9. Si la société Transport tertiaire industrie soutient que la cour aurait inexactement qualifié les faits de l'espèce, commis un erreur de droit et insuffisamment motivé son arrêt en jugeant que la décision par laquelle le maître d'ouvrage avait interrompu le chantier, interruption au titre de laquelle elle demandait à être indemnisée, n'était pas fautive, ces moyens ne peuvent qu'être écartés dès lors que la cour a relevé que la société requérante ne se prévalait pas devant elle du caractère fautif de cette décision.

10. En quatrième lieu, en jugeant que le centre hospitalier était fondé à appliquer des pénalités de retard correspondant à 96 jours, la cour a porté sur les faits et les pièces du dossier une appréciation souveraine exempte de dénaturation.

11. En dernier lieu, il ressort des énonciations de l'arrêt attaqué que la cour a rejeté l'appel formé par la société Transport tertiaire industrie contre le jugement du tribunal administratif qui avait, à l'article 1er de son dispositif, fixé le solde du marché à la somme négative de 334 441,43 euros TTC. En statuant ainsi, alors qu'elle avait fixé ce solde à la somme négative de 269 039,92 euros dans les motifs de son arrêt, la cour l'a entaché d'une contradiction entre les motifs et le dispositif.

12. Il résulte de ce qui précède que la société Transport tertiaire industrie est seulement fondée à demander l'annulation de l'arrêt en tant qu'il a rejeté ses conclusions d'appel tendant à ce que le solde du marché soit ramené à la somme négative de 269 039,92 euros TTC et, par voie de conséquence, en tant qu'il a statué sur les conclusions des parties au titre de l'article L. 761-1 du code de justice administrative.

13. Il y a lieu, dans les circonstances de l'espèce, de régler, dans cette mesure, l'affaire au fond en application des dispositions de l'article L. 821-2 du code de justice administrative.

14. Il résulte des motifs de l'arrêt du 14 octobre 2022 de la cour administrative d'appel de Paris, devenus irrévocables sur ce point, que le solde du marché en litige doit être fixé à la somme de 269 039,92 euros TTC, au débit de la société Transport tertiaire industrie.
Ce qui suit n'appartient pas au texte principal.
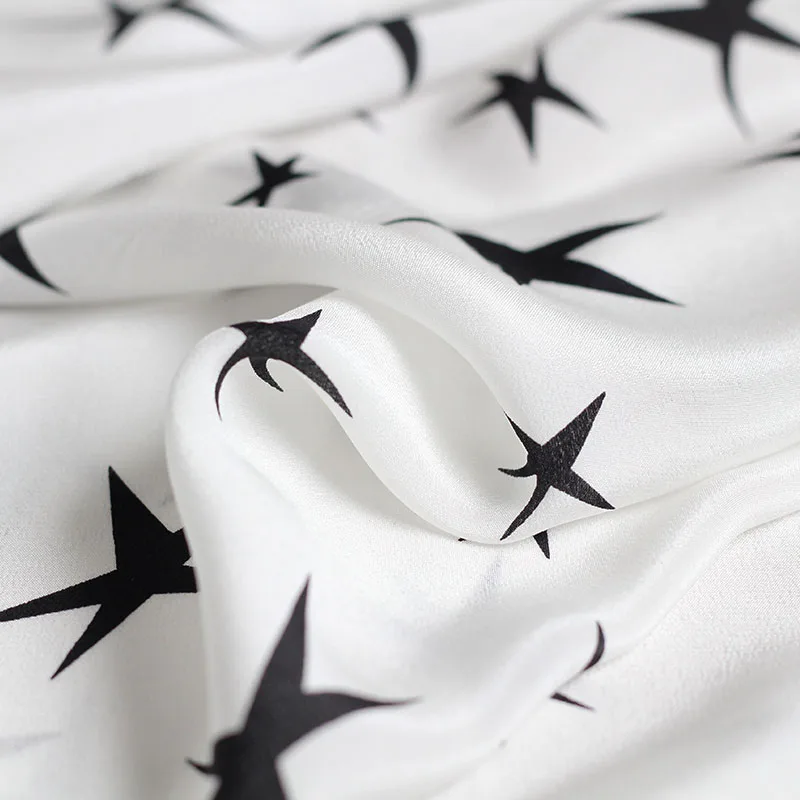 Перламутровый шелк 12momme Морская звезда Печатный крепдешин шелкопряда материалы рубашка платье Сделай Сам одежда ткани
Par suite, cette société est seulement fondée à soutenir que c'est à tort que, par le jugement attaqué, le tribunal administratif de Melun a fixé ce solde à la somme de 334 441,43 euros TTC à son débit.

15. Il n'y a pas lieu, dans les circonstances de l'espèce, de faire droit aux conclusions des parties présentées tant en appel qu'en cassation au titre de l'article L. 761-1 du code de justice administrative.


D E C I D E :
--------------
Article 1er : L'arrêt du 14 octobre 2022 de la cour administrative d'appel de Paris est annulé en tant qu'il a rejeté les conclusions d'appel de la société Transport tertiaire tendant à ce que le solde du marché en litige soit ramené à la somme de 269 039,92 euros TTC à son débit et, par voie de conséquence, en tant qu'il a statué sur les conclusions des parties au titre de l'article L. 761-1 du code de justice administrative.
Article 2 : Le solde du marché en litige est fixé à 269 039, 92 euros TTC, au débit de la société Transport tertiaire industrie.
Article 3 : Le jugement du 15 juillet 2020 du tribunal administratif de Melun est réformé en ce qu'il a de contraire à la présente décision.
Article 4 : Le surplus des conclusions du pourvoi de la société Transport tertiaire industrie est rejeté.
Article 5 : Les conclusions présentées par les parties au titre de l'article L. 761-1 du code de justice administrative sont rejetées.
Article 6 : La présente décision sera notifiée à la société Transport tertiaire industrie et au centre hospitalier intercommunal de Créteil.